The blast of magic shreds through our defenses like they’re nothing. I cry out as it feels like someone is shoving a blade into my chest when my shield is forcibly broken. But I don’t have much time to do anything other than accept my death as Lua’s magic for me.
Right before it hits me, Cain jumps in front of the magic meant for me in his hellhound form. I guess this form is big enough to block such a big blast because it hits him square in the chest and fizzles out.
I scream at the impact and watch helplessly as Cain transforms into his human form before his body even hits the water. He lands with a sickening thud in the river, his mouth twisted in a grimace and his eyes pinched shut in pain.

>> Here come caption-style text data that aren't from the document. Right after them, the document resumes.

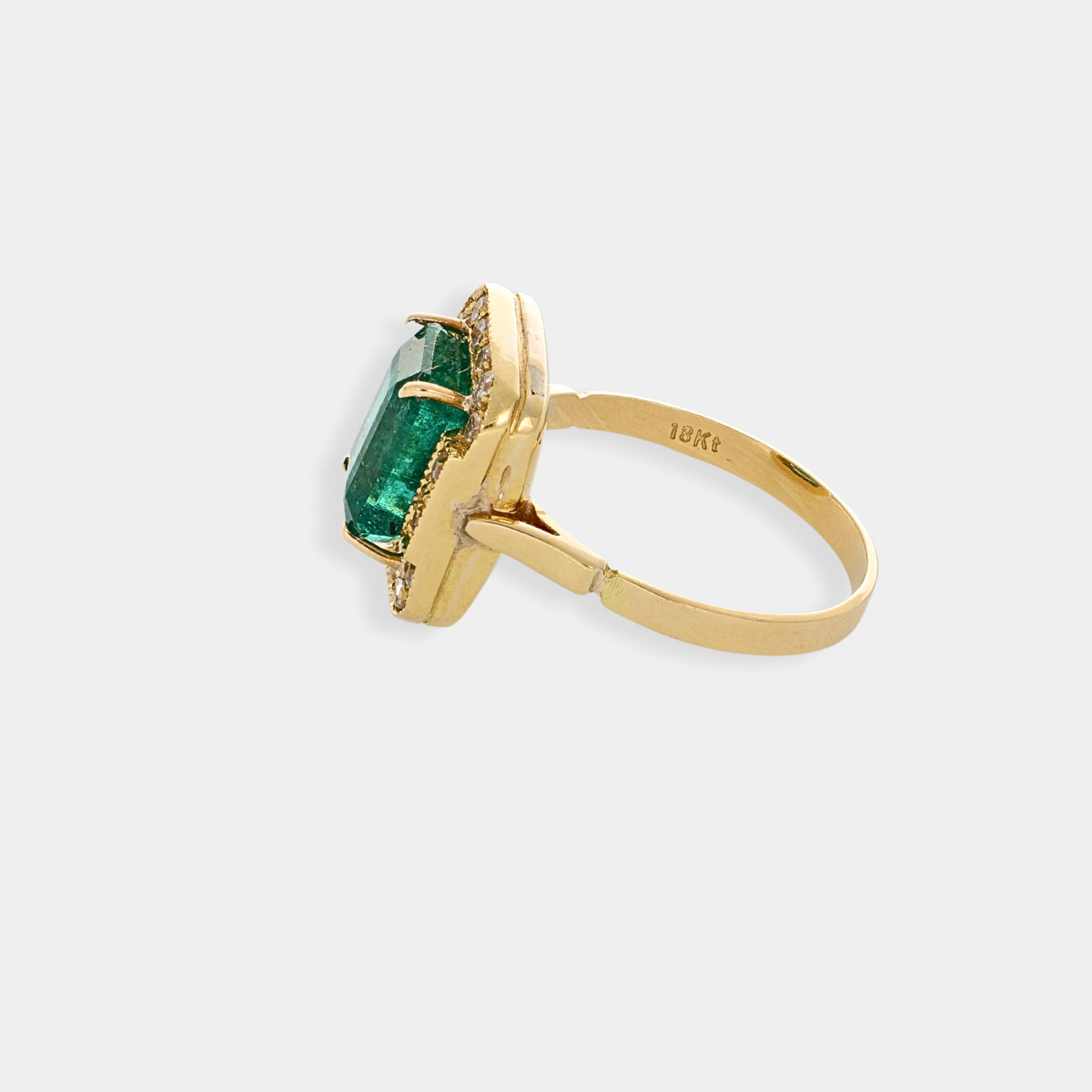 Anello Liberty in oro 18 kt con diamanti e smeraldo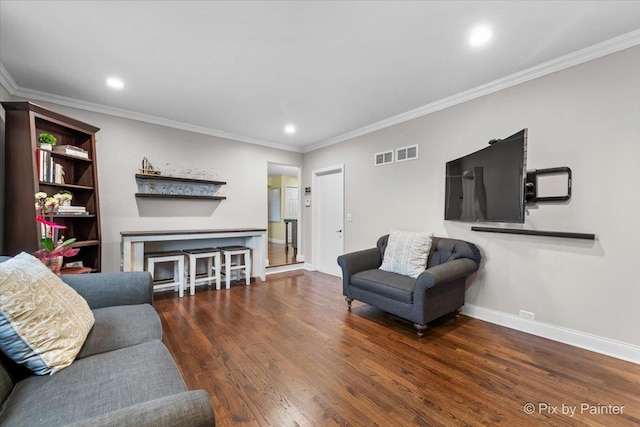 living room featuring ornamental molding and dark hardwood / wood-style flooring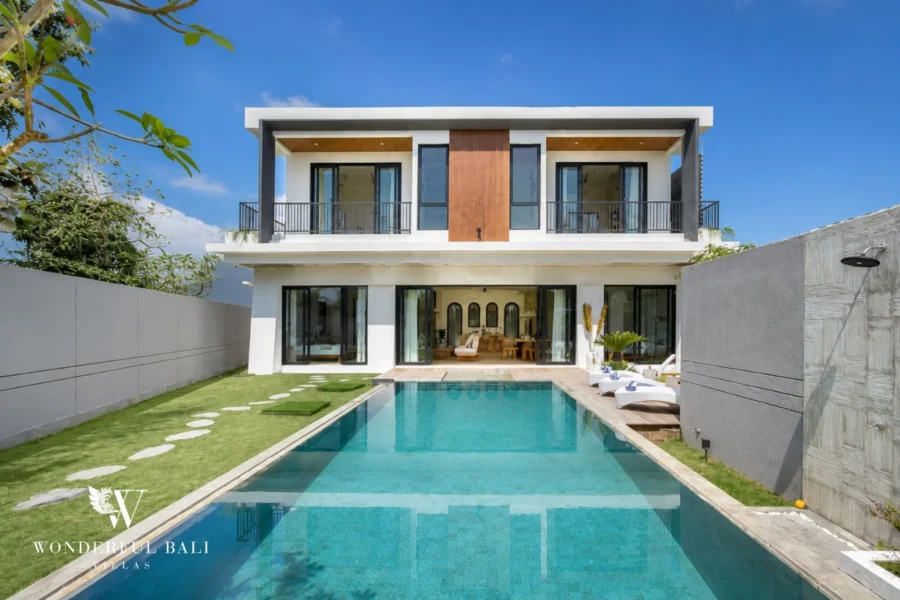 A modern two-storey villa facade with a long private pool, stepping-stone lawn and double-height glass living area at a 4-bedroom villa in Pererenan, Bali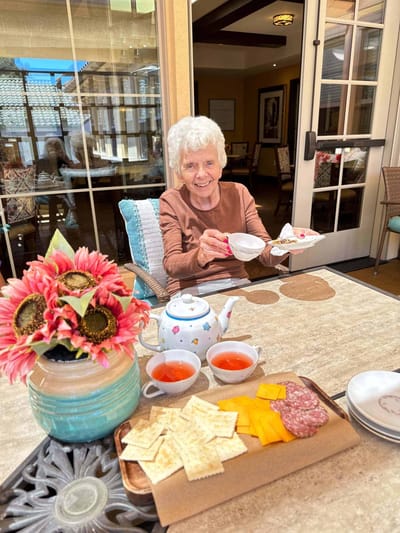 Resident enjoying tea and snacks outdoors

Sinking to my knees beside him, I shake him in vain, trying to get him to open those stunning green eyes of his.
“Cain!” I scream when I can’t get him to wake up.
I shake him a few more times before realizing that he isn’t breathing anymore.
Taking a hard look at the bloody, charred mass of his chest, I realize that he’s gone.
“No!” I wail as sobs rip from my chest, unwilling or unable to accept what happened.
As I kneel in the Styx with my heart shattering into a billion little pieces, the river calls to me and my magic.
Not really caring anymore what happens to me, as I’ve lost my quiet boy, I willingly let my power pour out and into the rushing river.
It feels weirdly cleansing, letting my tears and magic wash away into the same waters cradling Cain as he lies there, not seeming at peace even in death.
Letting all my magic flow out of me, I don’t fight the urge to allow my suddenly heavy eyelids to droop. At least until I hear god-awful shrieking start up. Lethargically, I open my eyes and look for the source of the sound. I startle when I realize it’s Lua screaming, not in victory but in panic.
The souls trapped in the waters of the Styx are rising up to surround Lua. With spectral forms, gaping holes for mouths, and glowing black eyes, these are nothing like the souls I usually encounter.
They’re digging their claws and teeth into her as she desperately tries to fight them off, but it’s no use. The damned souls start dragging her with them back into the murky depths of the Styx.
I watch in horror as what little I can see of her is pulled farther into the center of the river before she starts to disappear underwater, bloodcurdling screams leaving her the whole time. The sound abruptly cuts off when her head disappears underwater, despite her desperate thrashing.
It takes a long moment before the turbulent waters, where she was fighting for her life, finally calm.
When they do, the damaged souls she controlled vanish into thin air.
I have the briefest moment to realize that that’s it—Lua’s dead and we won—before blackness obscures my vision, and I surrender to unconsciousness.